While on the field the game is thriving in the Emirates, the country’s mounting economic concerns are having a huge knock-on effect off the pitch.
Sponsorships are drying up because companies are increasingly tightening their belts, while pitch hire fees continue to sky rocket to astronomical levels. And whereas there has always and will continue to be a myriad of players switching allegiances during the off-season, clubs are finding it harder to keep hold of star names as rivals dangle carrots that are increasingly difficult to match.
Sponsoring rugby events and teams in the UAE has and continues to be big business. The Dubai Sevens is backed by HSBC, while Dubai Exiles swapped one brand giant for another last year when Porsche replaced Canterbury as their principal jersey sponsor.
Three seasons ago the majority of Dubai-based clubs played for free at The Sevens as part of their participation in the UAE Premiership or Conference.
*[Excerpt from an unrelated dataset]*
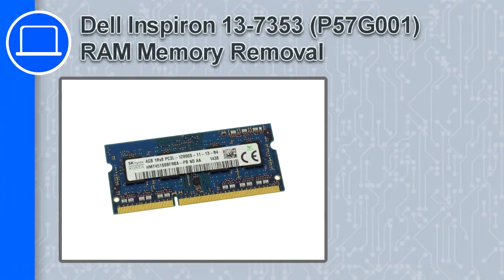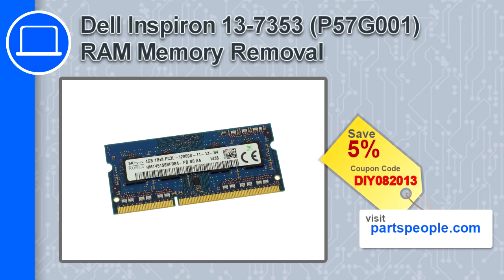How's it going? This is Ricardo and in this video I'll show you how to remove the memory from an Inspiron 13 version 7353. If you're looking for parts for this laptop, go to our website and use this coupon for a 5% off discount.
Now, second-tier clubs fork out in the region of Dh6,000 per game for pitch hire, a post-match meal and one drink per player.
It’s not as if the oil price crash the country is currently gripped by has affected only small fry like Wasps though. It shows no favourtism, with last year’s leading lights, Abu Dhabi Harlequins, falling foul of faltering finances.
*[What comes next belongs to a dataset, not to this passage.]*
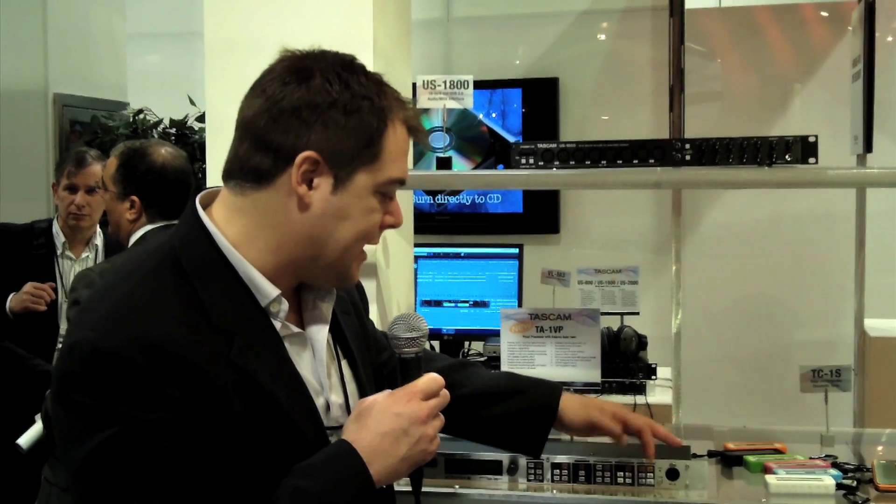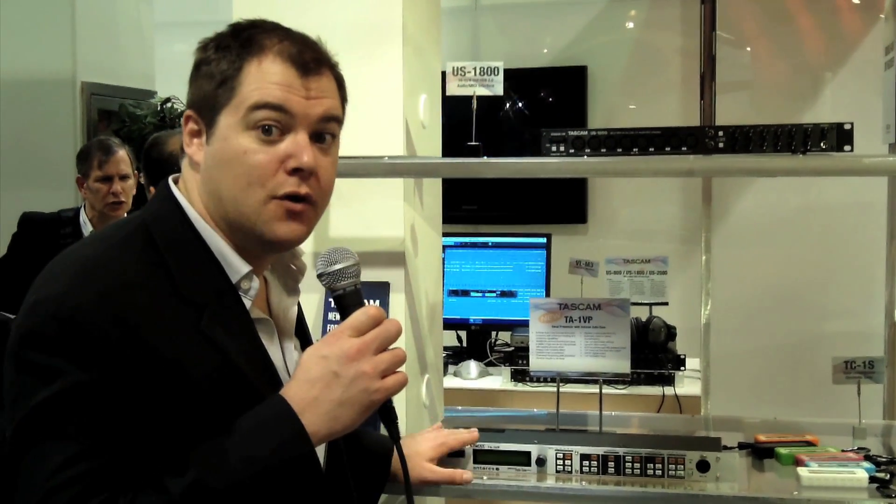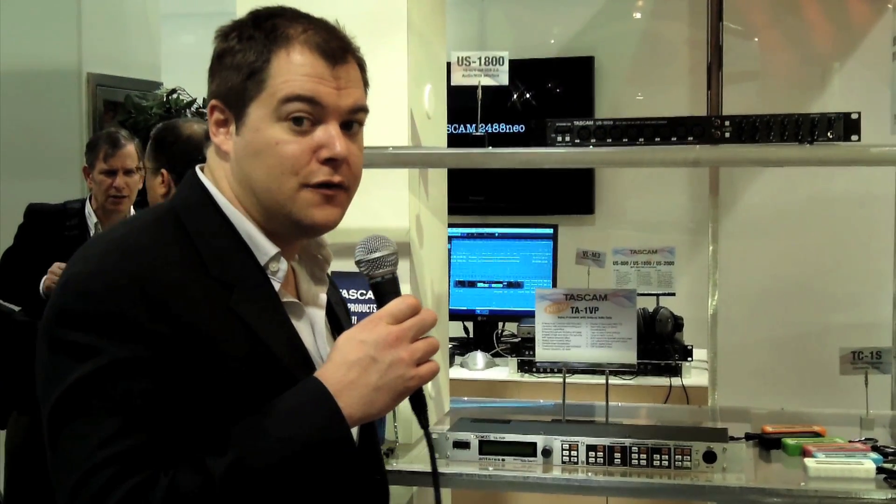It also features a compressor, de-essing, and equalizer — everything you need to get a great sounding vocal. The TA1VP is available now and sells for $449. Thank you so much.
The club has this summer lost long-time backer Etihad Airways, meaning it could be forced to pull the plug on its regionally renowned youth tournament next season, while as it stands, 3,000 playing and training jerseys and vests will be arriving without a main sponsor.
The club parted with Dh773,000 last season for 1,104 hours of use of its home field at Zayed Sports City – which advertises a full pitch for hire at Dh750 per session.
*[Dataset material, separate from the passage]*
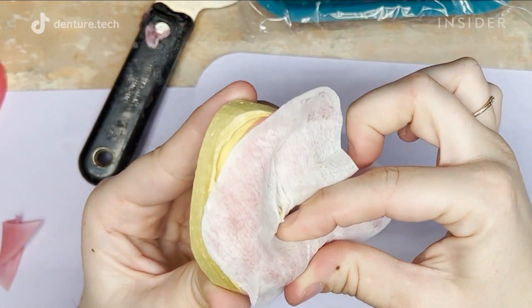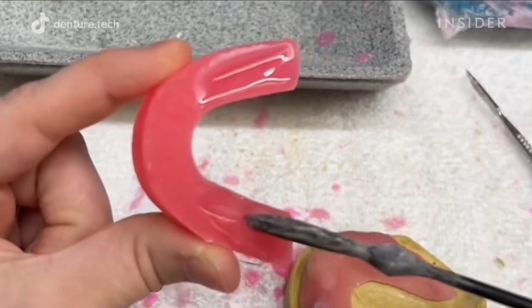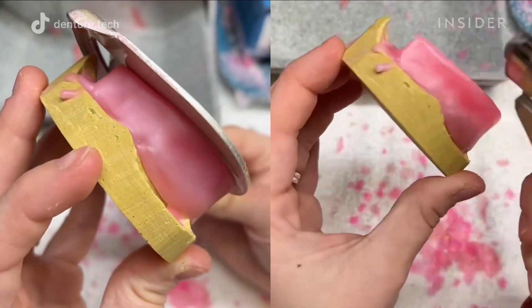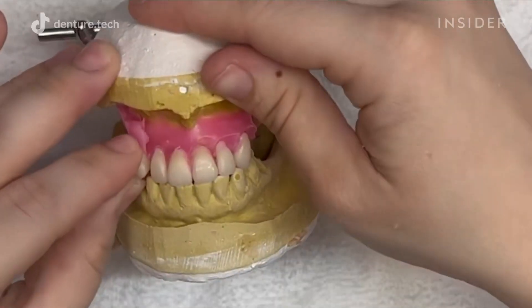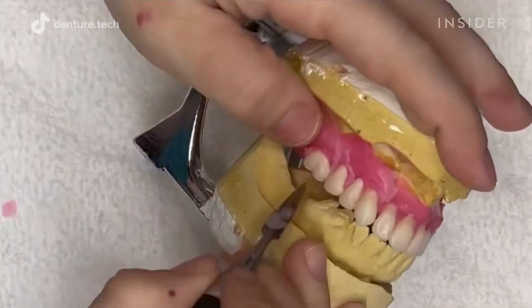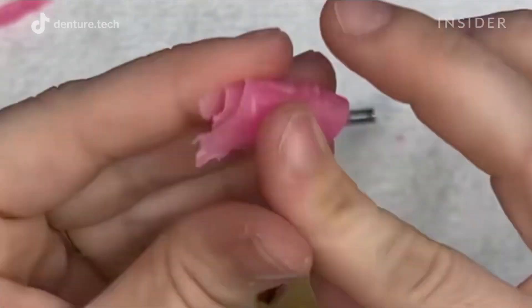A wax bite block is made to register the client's bite and how close their jaw is. The model can then be transferred to a device called an articulator, which will help map the patient's correct bite position as well as normal jaw movements. The fake teeth are also attached to the wax bite during this step.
Exiles, meanwhile, are set to cut all post-match meals for players next season after spending Dh65,000 last season.
Yet, while every team is floundering to stay afloat, the action and athletes on the field continue to flourish.
The standard of the UAE and West Asia Premiership has visibly increased each year, with Apollo Perelini picking his UAE squad for this year’s Asia Rugby Championship exclusively from the top division for the first time.
The UAE are ranked 72nd by World Rugby – the highest they have been since joining in December 2012 – which is testament to the growing standard of the game here.
Yet, the success on the green and gold pitches of grass and sand goes hand in hand with the growing distress off it, with clubs increasingly being driven into the red.
It can’t continue like this. If clubs like Wasps wilt and die, it won’t be long before others and the game in general gets stung too.